The drive circuit according to the invention is therefore immune against such voltage build-up and the risk of undesired turn-on of the MOSFET during the OFF period and therewith the risk of malfunction or even damage of the higher level circuit is significantly reduced.

When the turn-off transistor is switched ON a current flows from its collector to its emitter. Since only a small part of this collector-emitter current is flowing into the gate of the MOSFET a current path from the emitter back to the supply input has to be provided for this current. To do so, the emitter may for example be connected to ground, advantageously via a resistor.

In a preferred embodiment of the invention, a diode is connected in conducting direction from the emitter to the base of the turn-off transistor. Accordingly, its cathode is connected to the emitter and its anode to the base of the turn-off transistor. This diode also enables discharging the gate-source capacity of the MOSFET and blocks a current flow from the base to the emitter of the transistor.

Generally, every pnp bipolar transistor may be used as the turn-off bipolar transistor. But since the voltage drop at the gate of the MOSFET is the key condition for the MOSFET to block the drain source current, this voltage drop should be executed as fast as possible. Accordingly, in a preferred embodiment of the invention, a fast switching bipolar transistor is used as the turn-off bipolar transistor. The switching speed of a bipolar transistor i. e. its time constant not only depends on the circuit elements in which the transistor is embedded, such as for example the input resistor at the base of the transistor, but also on the characteristics of the transistor itself such as for example its input capacity and its input resistance.

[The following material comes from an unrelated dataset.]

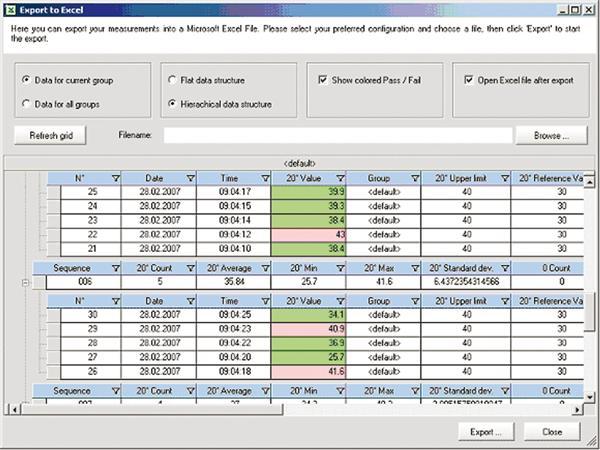 GlossTools_Anwendung_excel_600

The emitter of the turn-off transistor may be connected directly to the gate of the MOSFET. This will work if only small currents are flowing into or out of the gate of the P-Channel MOSFET. However, if the currents become higher the risk of damage of the MOSFET itself or other circuits connected to it increases. The current flowing into or out of the gate of the MOSFET is advantageously limited by any suitable means such as for example thermistors, constant-current diodes etc.

The most simple and therefore preferred way to limit the current is a resistor. Accordingly, the emitter of the turn-off transistor is connected to the drive output, i. e. to the gate of the MOSFET, via a current limiting resistor. This resistor limits the current flowing into or out of the gate of the P-Channel MOSFET thereby protecting the circuit efficiently. This current limiting resistor may also influence other parameters of the circuit such as for example the switching speed of the MOSFET itself and therewith the EMC characteristics of the circuit.

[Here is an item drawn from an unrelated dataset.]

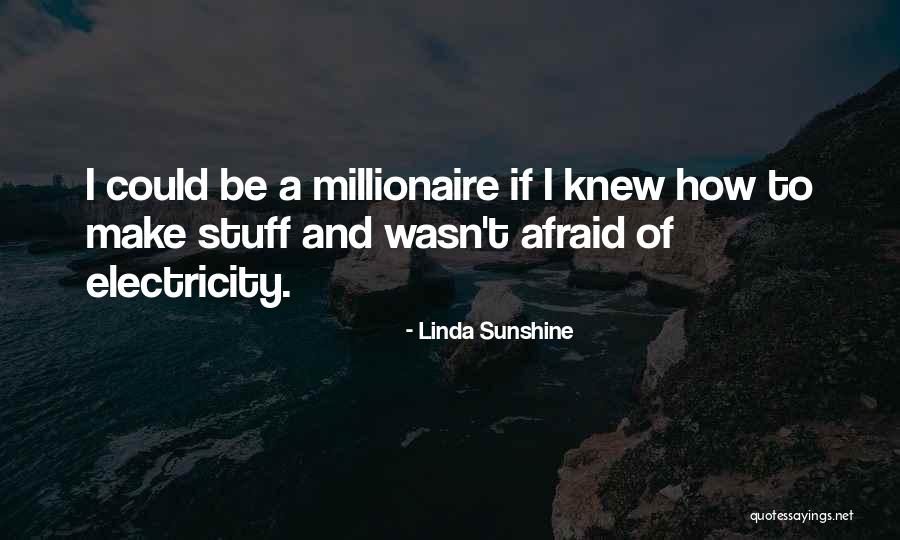Judge Dredd Rico Quotes By Linda Sunshine Judge Dredd Rico Quotes By Linda Sunshine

Instead of or in addition to the current limiting resistor, other elements like for example resistors, capacities and/or inductivities may be connected between the gate of the MOSFET and the emitter of the transistor. For example, a capacity may be connected in series or in parallel with the current limiting resistor.

Depending on the characteristics of the control signal received from the controller, in particular its voltage level, this control signal may directly be used to be connected to the base of the turn-off transistor to generate the control signal provided at the drive output.

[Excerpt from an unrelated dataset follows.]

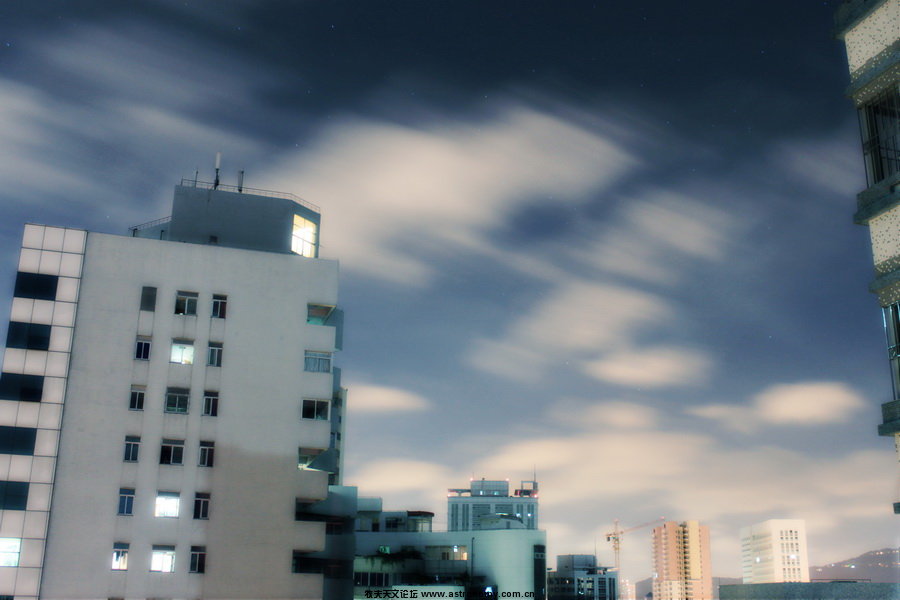 IMG_1053_调整大小.jpg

However, the characteristics of the control signal received from the controller usually do not match the requirements regarding the signal that has to be provided at the drive output to drive the MOSFET. For example the voltage level of the control signal from the controller may either be too low or too high. Or the current level provided is higher or lower than required.

The controller often delivers a control signal having a voltage and/or current level of a logic circuit which is usually too low to directly use it as a drive signal. In a preferred embodiment of the invention an amplifier, in particular a current amplifier is therefore connected to the control input of the drive circuit for amplifying the control signal received from the controller and provide the amplified control signal to the base of the turn-off transistor that is connected to the output of the current amplifier via the inverting capacitor.

Different types of current amplifiers are known to the skilled person and may be used to amplify the control signal. In a preferred embodiment of the invention, the amplifier includes a npn bipolar transistor connected with its collector to a supply terminal (high level) of the supply input and a pnp bipolar transistor connected with its emitter to an emitter of the npn bipolar transistor and with its collector to the ground terminal (low level) of the supply input. The base terminal of both bipolar transistors is connected to the control input via a resistor and the output of the current amplifier is provided at the common emitter terminal of the bipolar transistors.

In this way the control signal applied to the control input is reproduced at the amplifier output and may be used to generate the control signal to be provided to the gate of the MOSFET. The reproduced control signal accordingly has specified characteristics which may be adjusted or set by the circuit parameters such as the size of the resistor connected between the control input and the amplifier, the level of the supply voltage and/or by a particular choice of the bipolar transistors forming the amplifier.

In the prior art AC-coupled drive circuits, the DC-coupling is provided directly at the gate of the P-Channel MOSFET. However, in a preferred embodiment of the invention, the DC-coupling is done at the base of the bipolar transistor. Preferably by connecting a DC-coupling resistor between the base of the turn-off bipolar transistor and the lower terminal of the supply input where the lower terminal usually is connected to ground.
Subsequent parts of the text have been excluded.